A coalition of European investors, including the managers of more than €550 bn in Dutch pension assets, has made an explicit commitment to use the UN Sustainable Development Goals (SDGs) as the reference framework for an increasing amount of investments.
“Mounting social and environmental challenges underline the urgency for investing into a sustainable economy whose needs are codified by the United Nations in the SDGs for 2030,” the investors said in a statement unveiled today to coincide with a major conference of the UN-backed Principles for Responsible Investment in Singapore. “As institutional investors,” the statement continues, “it is essential to invest pension fund assets in these goals, and to do so at scale.” This will involve the investors “striving to facilitate a steep increase in what we call Sustainable Development Investments (SDIs)”.

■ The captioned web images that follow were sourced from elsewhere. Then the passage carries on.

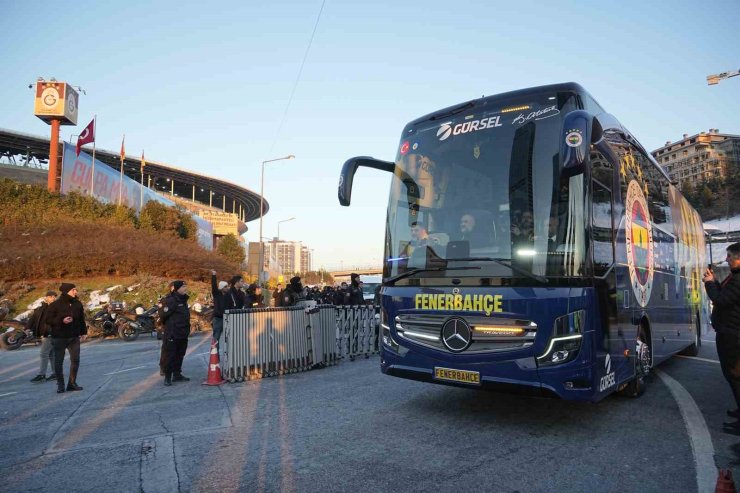 FENERBAHÇE, DERBİ İÇİN STADA GELDİ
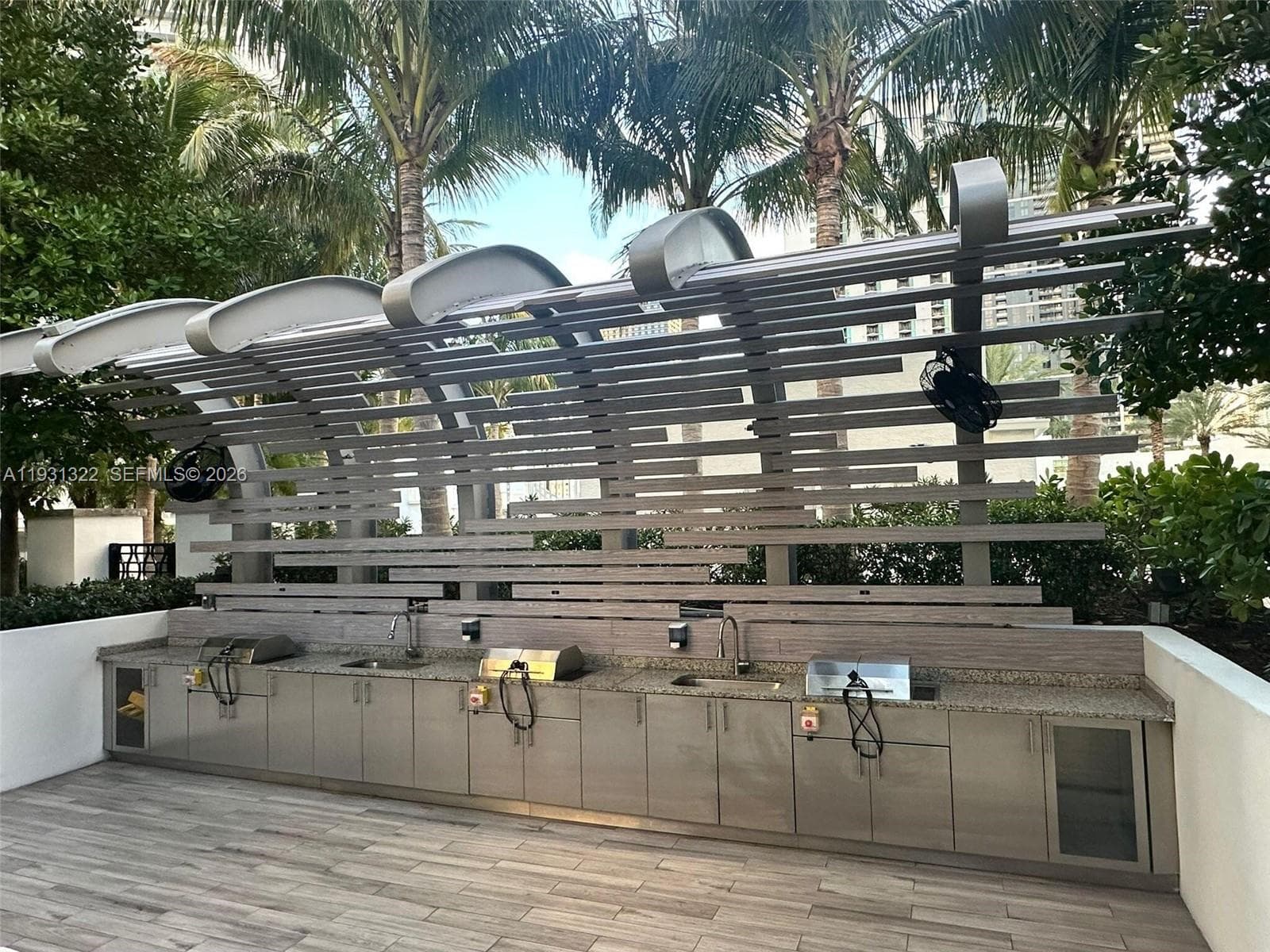 851 NE 1st Ave # 2212, Miami FL 33132 — 38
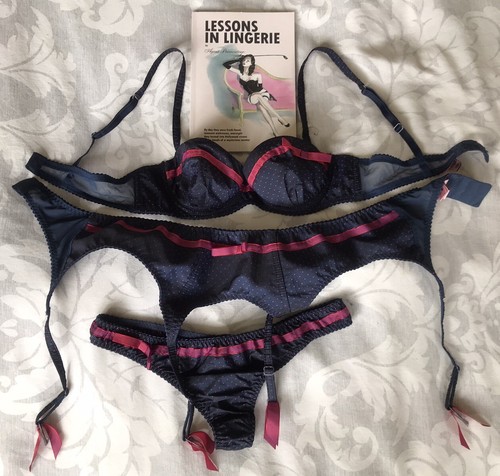 “TALMA ” Set Bra,Thong,Waspie Suspender Belt. Never Worn. 32A S/M.With 2008 Book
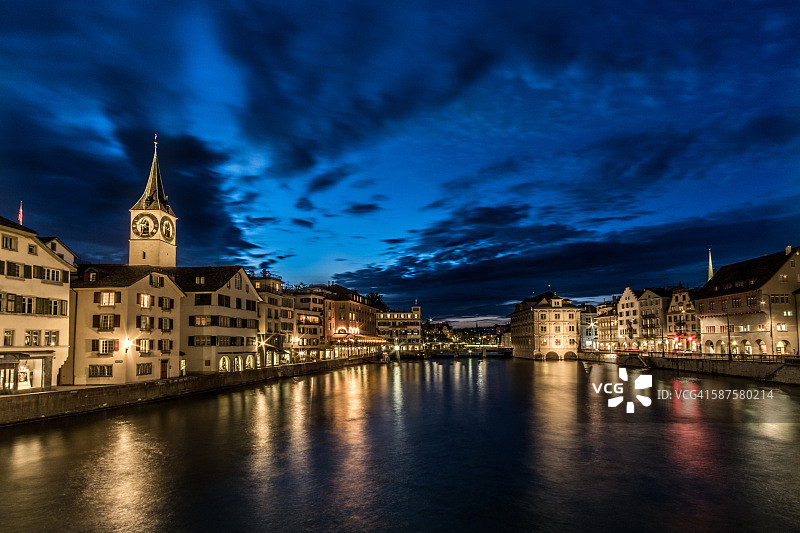 夜晚的利马特河畔图片素材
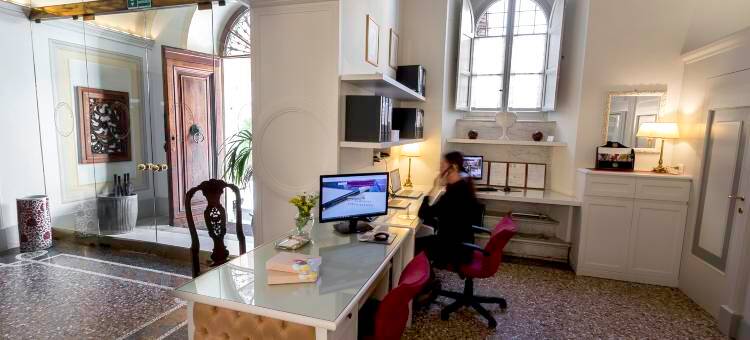 阿尔伯格彼得拉桑塔酒店(Albergo Pietrasanta)图片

According to the investor statement, SDIs are investments that meet two key criteria, namely that they make a positive social and/or environmental impact and yield market-rate financial returns.
They can be found, and will be pursued, in all asset classes.
With impact at the core of the investment approach, there is a strong emphasis on the measurement thereof.
“We distinguish between investments where impact has and those where it has not been measured, and stimulate the latter to report on measurable impact,” the investor statement reads.
The SDGs, of which there are 17, have been garnering an increasing amount of attention from the responsible investment community since they were adopted in September last year. Each of the 17 goals comes with specific targets – 169 in total – and indicators.